The West Chester Republican was in town this week to play a round of golf at Inverness Club in support of Rep. Bob Latta (R., Bowling Green). Maybe you saw him. Then again, you probably didn't. Neither did Mr. Latta's constituents, unless they are big GOP donors or members of the private club on Dorr Street, in Democratic Rep. Marcy Kaptur's district.
Lucas County Republican Chairman Jon Stainbrook said the speaker's presence in Toledo shows "they know we're here." Mr. Boehner was whisked into town the morning of the outing, directly to the club. There were no trips to boarded-up city neighborhoods or shuttered storefronts on the way to the first tee.
The speaker did see the donors who paid $1,000 to $10,000 to attend the event. It's not likely many of them were unemployed or had homes in foreclosure. He might not have seen the protesters outside the gates of the club, holding signs that implored him to create jobs.
After shooting a commendable 81 on the par-71 course, Mr. Boehner attended a private reception. What he spoke about is known only to the big-money golfers and smaller donors who paid $150 each to rub elbows with the powerful Republican. The only working stiffs there were serving food and mixing drinks.
Mr. Boehner isn't alone, certainly. It's par for the course for Republican and Democratic pols to claim solidarity with "the American people," almost all of whom are effectively -- and sometimes literally -- walled off from them and their big-money fund-raisers.
Miss Kaptur, who called on Mr. Boehner to join her in supporting legislation that would limit campaign spending and "restore the government to the people," also benefits from deep-pocket donors.
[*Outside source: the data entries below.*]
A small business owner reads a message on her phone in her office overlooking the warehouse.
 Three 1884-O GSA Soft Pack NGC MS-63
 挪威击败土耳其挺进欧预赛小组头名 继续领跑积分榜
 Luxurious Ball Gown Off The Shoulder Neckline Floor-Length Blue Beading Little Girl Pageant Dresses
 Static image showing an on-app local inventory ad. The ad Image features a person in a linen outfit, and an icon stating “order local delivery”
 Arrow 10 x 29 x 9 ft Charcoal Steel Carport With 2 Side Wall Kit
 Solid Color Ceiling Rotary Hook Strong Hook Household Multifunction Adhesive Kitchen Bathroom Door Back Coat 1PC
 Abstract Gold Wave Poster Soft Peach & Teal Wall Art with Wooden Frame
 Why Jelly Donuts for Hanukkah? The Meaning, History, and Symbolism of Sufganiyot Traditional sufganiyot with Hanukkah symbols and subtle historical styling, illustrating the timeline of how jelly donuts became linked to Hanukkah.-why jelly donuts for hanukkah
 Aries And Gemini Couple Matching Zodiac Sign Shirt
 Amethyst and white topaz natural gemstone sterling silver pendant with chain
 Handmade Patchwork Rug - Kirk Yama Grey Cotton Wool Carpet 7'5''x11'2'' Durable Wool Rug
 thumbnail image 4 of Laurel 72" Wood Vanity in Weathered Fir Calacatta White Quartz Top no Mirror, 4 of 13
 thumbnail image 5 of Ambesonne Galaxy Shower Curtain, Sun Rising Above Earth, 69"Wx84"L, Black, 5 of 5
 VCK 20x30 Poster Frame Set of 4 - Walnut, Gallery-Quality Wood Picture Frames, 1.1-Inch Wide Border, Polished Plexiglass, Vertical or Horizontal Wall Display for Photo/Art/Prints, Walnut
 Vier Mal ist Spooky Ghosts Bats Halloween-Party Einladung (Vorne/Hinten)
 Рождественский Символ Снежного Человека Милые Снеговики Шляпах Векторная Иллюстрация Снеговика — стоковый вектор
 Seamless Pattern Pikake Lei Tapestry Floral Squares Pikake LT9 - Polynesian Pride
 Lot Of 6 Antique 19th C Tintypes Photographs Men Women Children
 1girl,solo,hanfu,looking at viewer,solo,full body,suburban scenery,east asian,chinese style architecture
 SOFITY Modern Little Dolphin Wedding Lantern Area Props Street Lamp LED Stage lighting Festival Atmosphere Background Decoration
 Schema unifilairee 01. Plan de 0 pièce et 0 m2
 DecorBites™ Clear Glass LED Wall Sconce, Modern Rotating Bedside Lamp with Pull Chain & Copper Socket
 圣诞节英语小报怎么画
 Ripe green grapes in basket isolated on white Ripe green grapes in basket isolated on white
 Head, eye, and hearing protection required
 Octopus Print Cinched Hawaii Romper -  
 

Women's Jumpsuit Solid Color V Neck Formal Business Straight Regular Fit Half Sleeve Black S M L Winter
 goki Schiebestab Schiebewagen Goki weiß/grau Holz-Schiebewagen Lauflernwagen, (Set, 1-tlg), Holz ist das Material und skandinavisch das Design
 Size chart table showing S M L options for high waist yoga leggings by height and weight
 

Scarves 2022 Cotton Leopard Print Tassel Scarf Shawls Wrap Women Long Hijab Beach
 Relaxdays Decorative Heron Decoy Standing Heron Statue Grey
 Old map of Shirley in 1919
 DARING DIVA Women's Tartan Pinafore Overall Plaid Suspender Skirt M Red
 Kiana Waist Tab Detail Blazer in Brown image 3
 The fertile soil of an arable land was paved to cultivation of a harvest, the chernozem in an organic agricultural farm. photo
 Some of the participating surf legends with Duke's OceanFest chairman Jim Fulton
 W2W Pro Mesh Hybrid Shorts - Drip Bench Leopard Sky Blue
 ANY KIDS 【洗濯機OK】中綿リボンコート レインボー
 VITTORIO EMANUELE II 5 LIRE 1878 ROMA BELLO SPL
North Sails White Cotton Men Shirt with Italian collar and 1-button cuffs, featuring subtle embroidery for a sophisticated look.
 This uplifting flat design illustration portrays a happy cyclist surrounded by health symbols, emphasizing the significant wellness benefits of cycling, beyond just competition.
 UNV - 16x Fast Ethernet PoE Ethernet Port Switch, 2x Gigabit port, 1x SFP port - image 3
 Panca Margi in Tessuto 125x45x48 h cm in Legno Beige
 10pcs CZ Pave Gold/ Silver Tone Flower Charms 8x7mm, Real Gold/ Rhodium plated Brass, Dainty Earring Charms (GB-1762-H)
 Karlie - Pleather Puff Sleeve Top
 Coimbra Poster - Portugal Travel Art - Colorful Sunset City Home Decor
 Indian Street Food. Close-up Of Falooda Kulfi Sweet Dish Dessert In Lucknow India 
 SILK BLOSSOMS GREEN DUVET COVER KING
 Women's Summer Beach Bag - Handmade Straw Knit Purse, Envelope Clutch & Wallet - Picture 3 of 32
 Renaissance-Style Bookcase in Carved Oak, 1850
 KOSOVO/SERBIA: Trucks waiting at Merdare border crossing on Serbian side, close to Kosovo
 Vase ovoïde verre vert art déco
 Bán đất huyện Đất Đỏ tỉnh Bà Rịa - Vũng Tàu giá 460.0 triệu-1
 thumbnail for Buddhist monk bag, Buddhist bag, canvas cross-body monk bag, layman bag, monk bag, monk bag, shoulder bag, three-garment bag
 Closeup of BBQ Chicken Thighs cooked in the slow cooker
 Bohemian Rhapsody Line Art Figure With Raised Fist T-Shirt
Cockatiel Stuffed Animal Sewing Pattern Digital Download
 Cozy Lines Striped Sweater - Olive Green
This week, 140 people paid $15,000 a family to hobnob with President Obama at a private residence in Washington. But while politicians of both parties engage in such activities, they seldom occur this close to home.
Mr. Boehner often invokes his hardscrabble roots: He grew up with 11 brothers and sisters. He washed floors in the family-owned bar at the age of 8. He was the first in his family to graduate from college. Recalling his humble beginnings can bring tears to his eyes.
Still, you wonder whether he and other politicians might benefit from spending a night in a homeless shelter, or sharing dinner with a family living in its car.